Whatever you thought of Mel Gibson's pathologically brutal The Passion of the Christ, at least it had a point of view. This plodding, often banal film about the life of Jesus Christ seems more like a Sunday School teaching aid than an intelligent attempt to grapple anew with the famous story.
It has attracted the ire of many Christians for gratuitous tampering with the Gospels, though their reliability as, er, gospel is at least open to challenge. It certainly got me offside in the opening seconds by mangling the opening stanzas of John which, in the Authorised Version, is among the great monuments of English prose.
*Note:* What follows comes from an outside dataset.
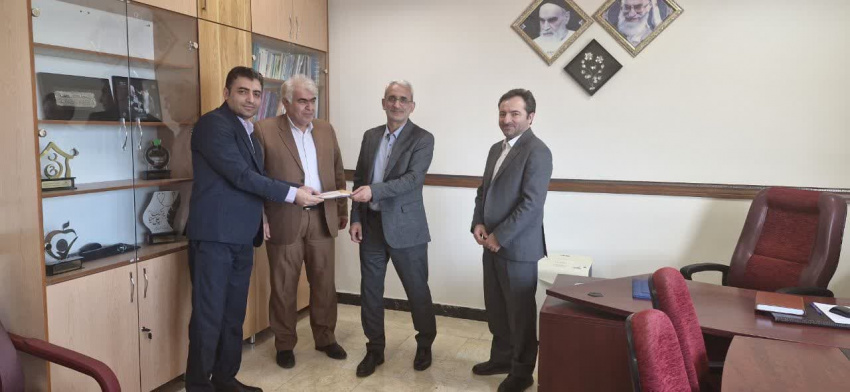 تجلیل از مهندس کیوان وزیری، مسئول روابط عمومی معاونت بهداشت دانشگاه علوم پزشکی اردبیل بمناسبت روز ارتباطات و روابط عمومی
The film has been edited down from the 10-hour television miniseries The Bible. Some additional material was shot and scenes involving Satan were cut after complaints about his resemblance to Barack Obama. What's left falls into two halves: Jesus' greatest hits followed by a bloody blow-by-blow retelling of the Passion.
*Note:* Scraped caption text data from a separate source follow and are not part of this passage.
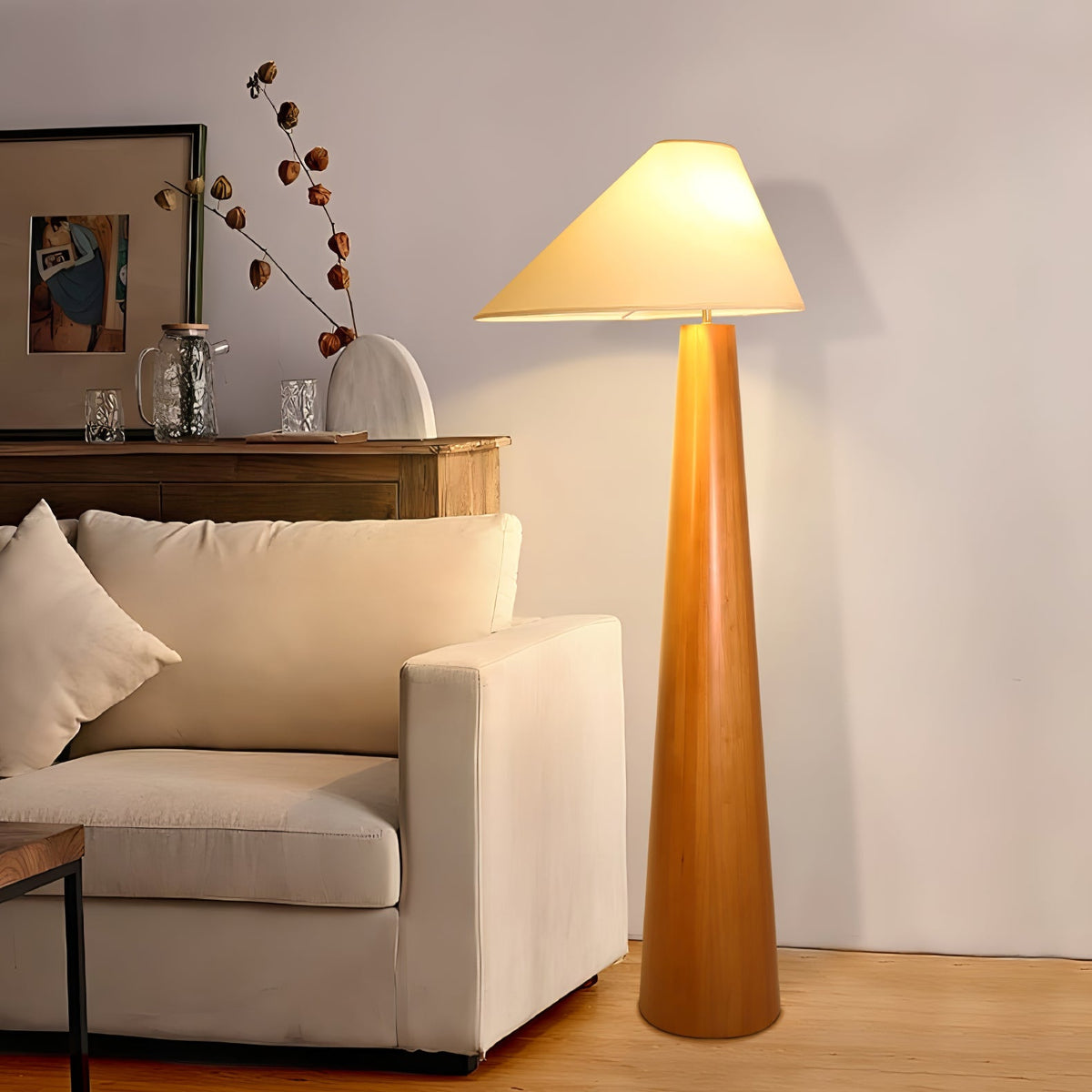 Pinnacle minimalistisk gulvlampe i træ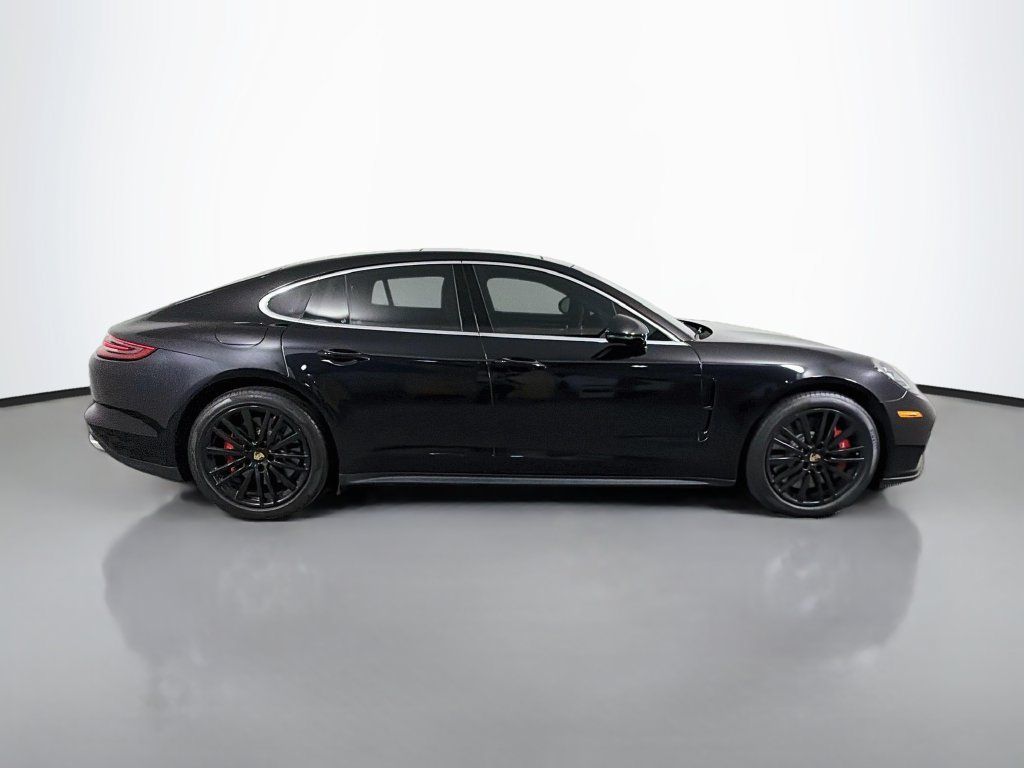 Used 2017 Porsche Panamera Turbo AWD/4WD image 4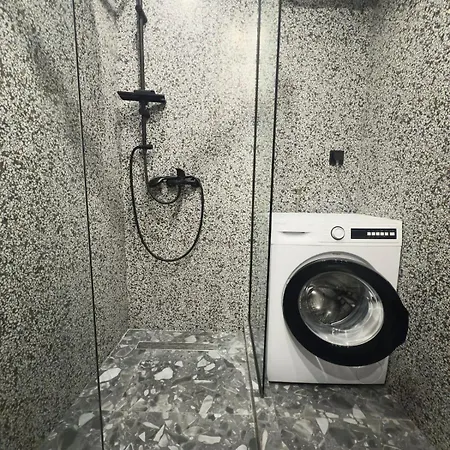 The Urban Nest Iii - By Joeandkey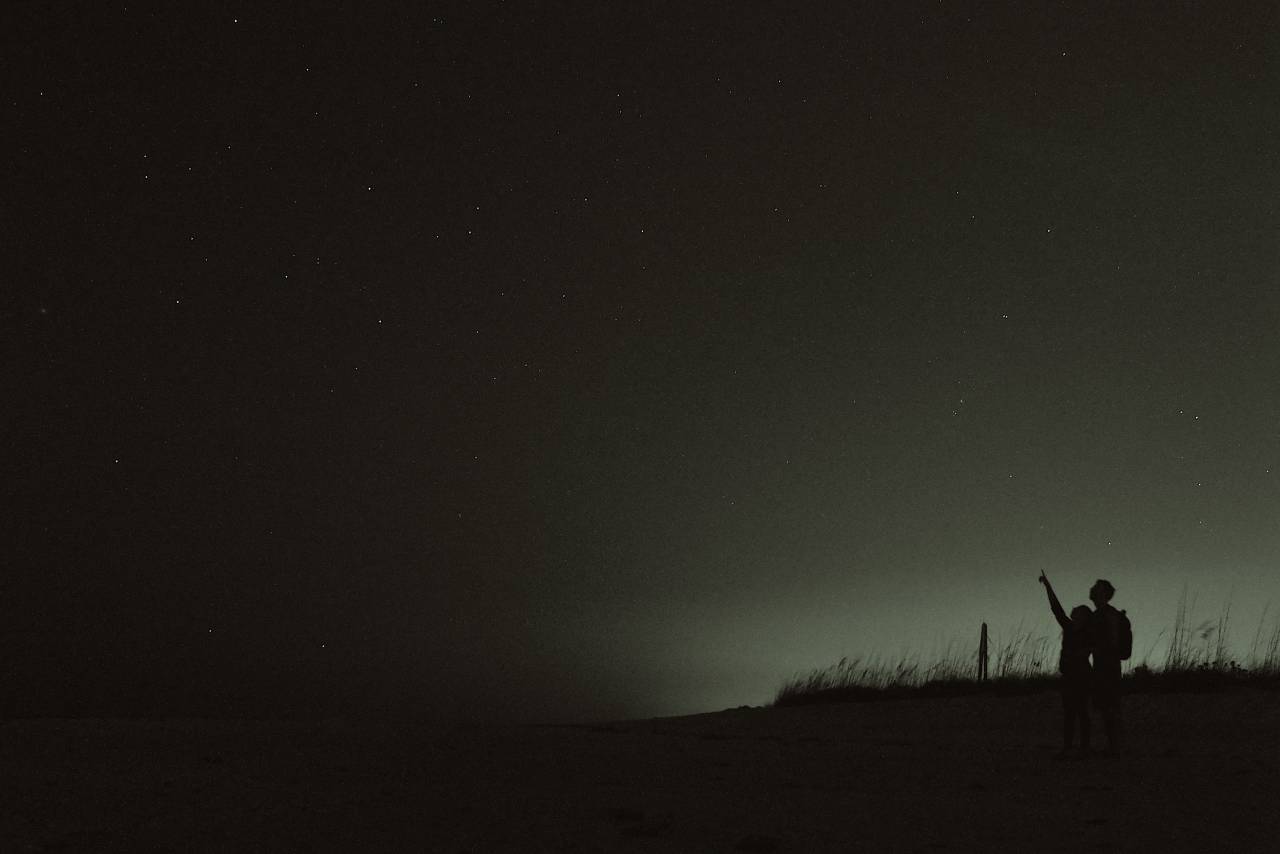 black and white, dark, night, sky, stars, stargazing, people, couple, guy, girl
,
Some really odd stuff is included (the dream of Pilate's wife), added (a planning meeting between Caiaphas and Judas), passed over (Jesus' baptism is a brief flashback after John the Baptist's murder) and left out. Meanwhile, a matinee idol Jesus (the lanky Portuguese Morgado, a blond Barry Gibb-lookalike) reels off miracles like party tricks. Crucially, in the last hour, he seems faintly demented, devoid of nobility or gravitas.
To its credit, the film gives a good sense both of the fraught political context and of Jesus' naivete in ignoring it (his "render to Caesar" speech recalls an evasive politician on the hustings) but there are just too many cringeworthy moments ("Thomas! Stop doubting!"). It's King of Kings for people with short attention spans, too stiff and serious-minded to warrant consideration as cinema.